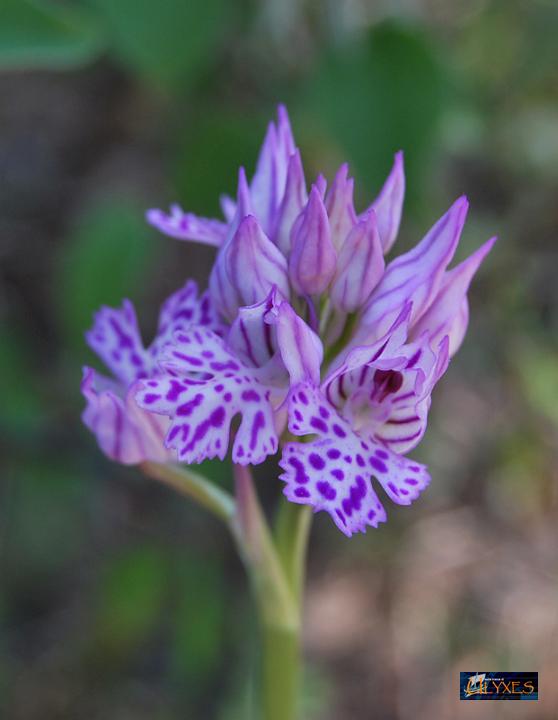 orchis tridentata.JPG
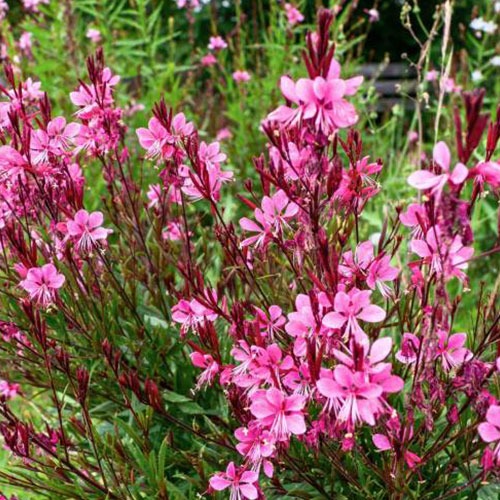 Gaura lindheimeri Pink
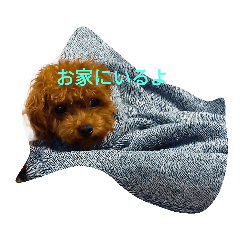 suzu001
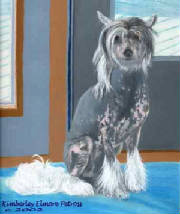 Chinese Crested painting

What this task involves:
Give back an exact copy of the material above, omitting the pictures.

Output of the task:
 orchis tridentata.JPG
 Gaura lindheimeri Pink
 suzu001
 Chinese Crested painting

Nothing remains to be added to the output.